Reisenebenkosten sind beispielsweise:

  • Beförderung, Versicherung und Aufbewahrung von Gepäck,
  • Ferngespräche, Telegramme und Schriftverkehr beruflichen Inhalts mit dem Arbeitgeber oder mit Geschäftspartnern,
  • Gebühren für die Benutzung von Straßen, Brücken, Tunneln und Parkplätzen,
  • Schadensersatzleistungen bei Verkehrsunfällen, wenn sich der Unfall auf einer beruflichen Fahrt ereignet hat,
  • Unfallversicherungen und andere Versicherungen für die Reisezeit, insbesondere eine Reisegepäckversicherung, deren Versicherungsschutz sich auf Dienstreisen des Arbeitnehmers beschränkt,
  • Wertverluste, die durch Diebstahl, Beschädigung und dergleichen beim persönlichen Reisegepäck während der Dienstreise eintreten.
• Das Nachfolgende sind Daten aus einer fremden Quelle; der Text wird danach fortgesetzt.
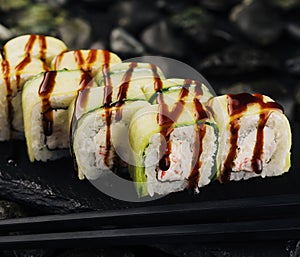 Vegetarian sushi roll with cucumber, philadelphia cheese and crab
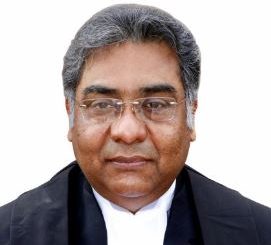 Justice Manindra Mohan Shrivastava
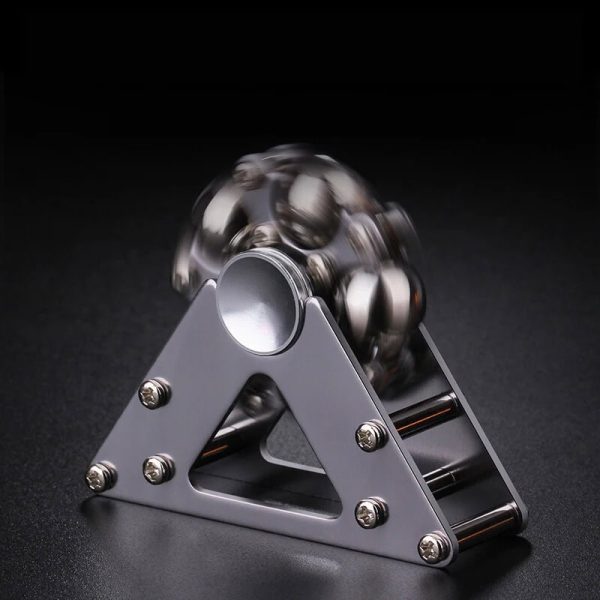 Pyramid av metallkulor i balans på en metallbas, som illustrerar ett fysikaliskt fenomen eller vetenskaplig experiment.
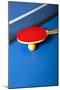 Table Tennis or Ping Pong Rackets and Balls on a Blue Table-Andreyuu-Mounted Photographic Print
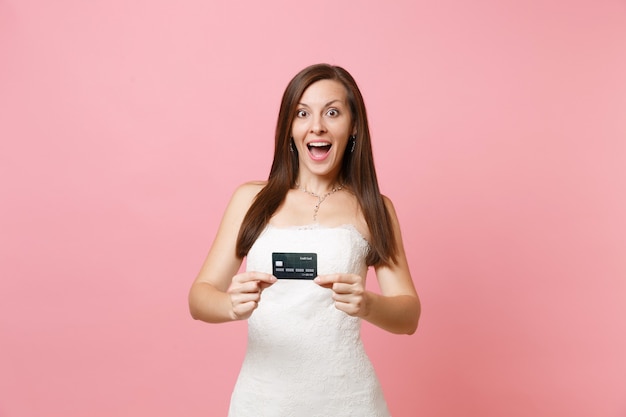 Porträt einer aufgeregten Frau im weißen Kleid mit Kreditkarte credit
So halten Sie die Reisekosten im Rahmen

1. Das Thema Reisekosten beinhaltet sehr viel Sprengstoff. Werden Reisekosten gekürzt bzw. Reisen zu sehr eingeschränkt, besteht die Gefahr, dass die Kunden- und/oder Lieferantenbeziehungen leiden, dass Kunden oder Lieferanten abspringen … so jedenfalls argumentieren die betroffenen Mitarbeiter. Im Gegenzug drohen ein Ausufern der Reisetätigkeit und eine Kostenexplosion.

2. Bevor über Reisekosten geurteilt werden kann, muss eine sorgfältige Analyse der Kosten erfolgen und es muss die Entwicklung der Reisekosten über einen Zeitraum von drei bis fünf Jahren dargelegt werden.
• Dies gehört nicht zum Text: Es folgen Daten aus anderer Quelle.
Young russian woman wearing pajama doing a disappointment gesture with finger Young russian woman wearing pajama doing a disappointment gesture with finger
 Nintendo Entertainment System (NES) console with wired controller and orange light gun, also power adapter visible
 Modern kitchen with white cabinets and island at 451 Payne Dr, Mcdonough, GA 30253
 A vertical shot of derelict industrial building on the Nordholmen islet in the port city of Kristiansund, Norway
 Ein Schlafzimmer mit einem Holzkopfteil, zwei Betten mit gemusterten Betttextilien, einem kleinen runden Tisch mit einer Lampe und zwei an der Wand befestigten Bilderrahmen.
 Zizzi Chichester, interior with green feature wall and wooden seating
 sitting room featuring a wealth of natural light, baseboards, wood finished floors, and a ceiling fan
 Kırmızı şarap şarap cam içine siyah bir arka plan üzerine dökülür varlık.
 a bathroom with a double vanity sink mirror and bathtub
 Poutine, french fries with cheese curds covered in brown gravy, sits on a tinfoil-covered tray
3. Wichtig in diesem Zusammenhang ist es, dass nur die „echten“ Reisekosten für die Darstellung ermittelt werden. Teilweise werden in Standarddarstellungen Werbe- und Reisekosten vermischt. Häufig sind auch Kosten für Weiterbildungsmaßnahmen enthalten, die in jedem Fall zu eliminieren sind.
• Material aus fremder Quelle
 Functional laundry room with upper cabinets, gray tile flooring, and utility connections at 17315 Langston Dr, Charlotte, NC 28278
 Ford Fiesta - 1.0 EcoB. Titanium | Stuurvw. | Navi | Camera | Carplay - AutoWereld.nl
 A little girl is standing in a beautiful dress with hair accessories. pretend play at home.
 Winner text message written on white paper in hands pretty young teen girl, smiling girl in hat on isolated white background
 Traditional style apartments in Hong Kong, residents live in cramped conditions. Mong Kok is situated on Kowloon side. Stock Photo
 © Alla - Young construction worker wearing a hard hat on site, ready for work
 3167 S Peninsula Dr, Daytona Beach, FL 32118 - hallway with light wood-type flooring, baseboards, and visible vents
4. Ein weiterer Punkt zum Thema Reisekosten ist die steuerrechtliche Seite und die damit zusammenhängende Abrechnung. Dabei ist zwischen Dienstreise, Fahrtätigkeit und Einsatzwechseltätigkeit zu unterscheiden. Entsprechend unterschiedlich sind die Abrechnungssätze und Pauschalen.

5. Reisekosten lassen sich dadurch reduzieren, dass sich das Reiseverhalten ändert (z.B. Reisezeiten vermindern), die direkten Reisekosten gesenkt werden (z.B. günstigere Hotels) und die oft unterschätzten indirekten Reisekosten (z.B. Buchung, Organisation, Abrechnung von Reisen) reduziert werden.

6. Die Erarbeitung einer Reiserichtlinie schafft Klarheit für Mitarbeiter. Damit wird klargelegt, wer welche Reisen bis zu welchen Kosten durchführen kann.

7. Unnötige Reisen bzw. Reisekosten lassen sich durch einfache Instrumente wie z.B. das Reiseplanungsformular verhindern. Dabei muss der Mitarbeiter seine Reise begründen, die voraussichtlichen Kosten auflisten und das Reiseziel definieren. Das Formular ist vom Vorgesetzten zu genehmigen und nach Rückkehr von der Reise erfolgt der PLAN/IST-Vergleich (Wurden die Ziele erreicht, die Kosten eingehalten?).

8. Vor jeder Reise sollte geprüft werden, ob nicht alternative Möglichkeiten wie z.B. Telefon bzw. Telefonkonferenz, Webkonferenz oder Videokonferenz günstiger, zeitsparender und effektiver sind.

9. Sofern in einem Unternehmen die Zahl der Geschäftsreisen sehr hoch ist, bietet E-Travel-Management die Möglichkeit der Teil- oder Vollautomatisierung der Geschäftsreiseprozesse von der Reiserichtlinie bis zur Reisekostenabrechnung.